I Think I Know Why They're So Cranky


I mean those stepsisters of Cinderella.

Because they were trying to make something (their feet) fit into something that it was impossible to fit them into (the glass slipper).

I've been trying to make something (my children) fit into something that it was impossible to fit them into (the same swim class).

OK.

I give up.

It was a perfect dream of an activity for my children. All three of them, swimming together in a class.

Until the coach said Braeden needed to be moved to a higher level.

I tried to make my case for the three children at the same time dream. He said, "Emma would be fine moved up but Mark would get run over."

My dream was slipping away.

I looked at Braeden and I looked at Mark and felt sheepish that I'd even been trying to squeeze them in the same class.

They are six years apart and while they're pretty equal with their Bionicles knowledge, light saber prowess and Lego building, they're not equal in their strength or swimming ability.

So I moved Braeden to a different class, kept Emma and Mark in the first class and geared up to go to the pool five times a week.

Until last night.

That dream, that I've Never Had It So Convenient dream, finally shattered into pieces on the cement poolside.

Mark wouldn't get out of the pool. Practice was over and he wouldn't budge. He was mad and sad and intimidated and his pleas to me that he just wanted to quit were going on deaf ears.

So he staged a protest. His coach tried to get him out but then Coach Paul, the kindly and rotund coach of the more advanced team, came over. With the gentleness of a man who knows children, he coaxed Mark out of the pool. He led him to the side and was consoling a tearful Mark when I finally made my way to them. (Mark had decided to plant himself in the pool as far as he possibly could from where I was sitting).
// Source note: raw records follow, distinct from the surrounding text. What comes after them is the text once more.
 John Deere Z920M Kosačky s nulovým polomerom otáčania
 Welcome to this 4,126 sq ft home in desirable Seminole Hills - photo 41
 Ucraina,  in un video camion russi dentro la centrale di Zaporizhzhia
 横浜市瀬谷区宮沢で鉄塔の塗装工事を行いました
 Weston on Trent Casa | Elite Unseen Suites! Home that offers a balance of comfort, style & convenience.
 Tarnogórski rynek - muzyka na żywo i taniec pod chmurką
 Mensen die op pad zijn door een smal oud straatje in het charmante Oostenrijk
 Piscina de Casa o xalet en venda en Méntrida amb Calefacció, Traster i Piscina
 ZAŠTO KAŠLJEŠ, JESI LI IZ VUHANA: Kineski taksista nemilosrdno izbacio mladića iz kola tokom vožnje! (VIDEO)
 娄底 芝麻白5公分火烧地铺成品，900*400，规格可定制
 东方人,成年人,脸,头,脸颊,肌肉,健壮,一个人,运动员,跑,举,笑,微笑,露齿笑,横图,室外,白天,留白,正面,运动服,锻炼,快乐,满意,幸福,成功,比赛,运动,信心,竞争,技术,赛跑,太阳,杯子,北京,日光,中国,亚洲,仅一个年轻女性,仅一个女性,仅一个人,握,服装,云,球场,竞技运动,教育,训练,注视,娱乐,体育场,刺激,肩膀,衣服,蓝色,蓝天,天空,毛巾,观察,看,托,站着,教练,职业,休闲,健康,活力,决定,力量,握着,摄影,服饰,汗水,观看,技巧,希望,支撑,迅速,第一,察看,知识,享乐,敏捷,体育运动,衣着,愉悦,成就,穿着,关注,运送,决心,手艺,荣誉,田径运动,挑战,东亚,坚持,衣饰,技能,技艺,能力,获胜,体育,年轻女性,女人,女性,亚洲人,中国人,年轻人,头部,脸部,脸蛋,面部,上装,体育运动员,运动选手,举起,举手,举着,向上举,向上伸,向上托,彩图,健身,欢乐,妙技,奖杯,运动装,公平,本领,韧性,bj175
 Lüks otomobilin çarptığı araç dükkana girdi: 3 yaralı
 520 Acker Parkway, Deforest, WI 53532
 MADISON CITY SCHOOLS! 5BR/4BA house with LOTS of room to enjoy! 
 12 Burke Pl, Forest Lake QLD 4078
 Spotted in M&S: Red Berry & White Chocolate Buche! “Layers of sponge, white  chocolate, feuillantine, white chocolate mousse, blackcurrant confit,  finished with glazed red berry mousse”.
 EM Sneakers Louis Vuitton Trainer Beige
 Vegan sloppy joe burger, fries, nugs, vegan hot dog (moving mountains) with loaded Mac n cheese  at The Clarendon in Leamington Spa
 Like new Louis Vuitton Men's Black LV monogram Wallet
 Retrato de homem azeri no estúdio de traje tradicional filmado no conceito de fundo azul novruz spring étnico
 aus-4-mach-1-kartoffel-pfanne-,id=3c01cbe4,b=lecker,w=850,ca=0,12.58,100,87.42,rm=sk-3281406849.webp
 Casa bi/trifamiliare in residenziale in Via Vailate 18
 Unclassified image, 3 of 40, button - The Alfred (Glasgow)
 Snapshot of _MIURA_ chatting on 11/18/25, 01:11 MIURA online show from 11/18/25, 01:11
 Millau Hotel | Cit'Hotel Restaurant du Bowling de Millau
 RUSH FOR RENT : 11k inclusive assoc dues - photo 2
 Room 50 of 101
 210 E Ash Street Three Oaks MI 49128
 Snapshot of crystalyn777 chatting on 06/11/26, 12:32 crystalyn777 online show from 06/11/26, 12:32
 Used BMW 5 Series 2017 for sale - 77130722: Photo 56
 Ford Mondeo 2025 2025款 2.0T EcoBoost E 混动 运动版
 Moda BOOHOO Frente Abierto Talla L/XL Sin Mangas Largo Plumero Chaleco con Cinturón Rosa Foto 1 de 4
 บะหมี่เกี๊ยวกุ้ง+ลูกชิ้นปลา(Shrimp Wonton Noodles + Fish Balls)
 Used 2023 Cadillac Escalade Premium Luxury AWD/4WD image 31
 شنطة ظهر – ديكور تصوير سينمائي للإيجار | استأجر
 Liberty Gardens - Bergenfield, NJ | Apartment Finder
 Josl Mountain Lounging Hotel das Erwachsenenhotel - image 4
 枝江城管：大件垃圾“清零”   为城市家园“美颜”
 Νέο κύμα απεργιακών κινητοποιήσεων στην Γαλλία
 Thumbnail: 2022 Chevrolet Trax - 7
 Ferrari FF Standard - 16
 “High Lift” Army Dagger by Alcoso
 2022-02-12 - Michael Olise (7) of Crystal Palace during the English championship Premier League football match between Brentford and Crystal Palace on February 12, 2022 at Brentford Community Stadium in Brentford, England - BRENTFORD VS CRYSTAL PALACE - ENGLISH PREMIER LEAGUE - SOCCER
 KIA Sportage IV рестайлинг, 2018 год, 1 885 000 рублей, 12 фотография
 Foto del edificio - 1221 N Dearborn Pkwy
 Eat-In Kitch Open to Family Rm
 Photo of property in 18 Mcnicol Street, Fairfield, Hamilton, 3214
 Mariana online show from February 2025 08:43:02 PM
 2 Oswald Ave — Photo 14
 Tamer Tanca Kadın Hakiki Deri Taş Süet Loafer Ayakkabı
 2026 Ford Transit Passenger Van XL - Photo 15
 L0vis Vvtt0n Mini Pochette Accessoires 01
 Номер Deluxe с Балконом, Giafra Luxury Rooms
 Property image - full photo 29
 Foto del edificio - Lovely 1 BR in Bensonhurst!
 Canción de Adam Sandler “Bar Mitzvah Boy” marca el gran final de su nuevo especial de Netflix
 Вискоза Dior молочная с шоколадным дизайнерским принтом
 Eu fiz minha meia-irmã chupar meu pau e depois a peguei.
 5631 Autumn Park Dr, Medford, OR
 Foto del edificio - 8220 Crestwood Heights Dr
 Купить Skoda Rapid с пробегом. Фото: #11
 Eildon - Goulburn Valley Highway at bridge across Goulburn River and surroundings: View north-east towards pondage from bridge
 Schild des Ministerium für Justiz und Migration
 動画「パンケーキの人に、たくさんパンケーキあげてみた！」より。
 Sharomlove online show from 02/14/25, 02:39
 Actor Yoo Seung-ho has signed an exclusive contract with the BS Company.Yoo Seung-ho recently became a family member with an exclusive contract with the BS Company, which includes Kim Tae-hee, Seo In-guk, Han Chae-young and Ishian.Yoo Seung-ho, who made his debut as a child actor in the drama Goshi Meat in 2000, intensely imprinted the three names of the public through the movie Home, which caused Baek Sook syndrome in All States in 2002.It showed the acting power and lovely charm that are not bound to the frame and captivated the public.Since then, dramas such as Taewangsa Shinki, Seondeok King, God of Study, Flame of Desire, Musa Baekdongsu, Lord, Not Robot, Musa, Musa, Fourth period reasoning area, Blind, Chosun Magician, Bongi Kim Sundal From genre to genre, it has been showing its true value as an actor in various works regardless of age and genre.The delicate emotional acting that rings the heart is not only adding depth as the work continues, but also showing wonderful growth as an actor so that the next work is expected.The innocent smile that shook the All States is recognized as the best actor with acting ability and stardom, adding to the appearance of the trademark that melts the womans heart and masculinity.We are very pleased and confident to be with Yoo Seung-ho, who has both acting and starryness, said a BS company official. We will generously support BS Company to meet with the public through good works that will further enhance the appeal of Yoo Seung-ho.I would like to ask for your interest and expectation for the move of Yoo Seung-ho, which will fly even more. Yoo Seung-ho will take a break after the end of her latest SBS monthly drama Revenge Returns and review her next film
Coach Paul asked Mark how old he was.

Mark said, "Six."

"Six?"

Mark nodded.

"You don't look six. You're a big boy."

Then Coach Paul, with his arm protectively on Mark's shoulder turned to me. He told me about the under 8 class. He told me that sometimes we expect more out of big kids even though they're still young. He told me Mark would be much happier in the younger class.

Grasping at straws, still trying to keep at least two of my kids swimming at the same time, I said, "Well, I have this ten year old daughter..."

Coach Paul interrupted me, "Absolutely not. It's only eight and under."

And that was the end of my dream. That lovely three-kids-swimming-at-the-same-time dream.

So now we are signed up for SEVEN swim practices a week. We'll do it for the month of October and then reassess.

For now, I'll do it.

Because as much as I love dreams of ease, I love my three different children. I won't try to squeeze them into what they're not just to make things better for me.

But I do understand the angst of those stepsisters.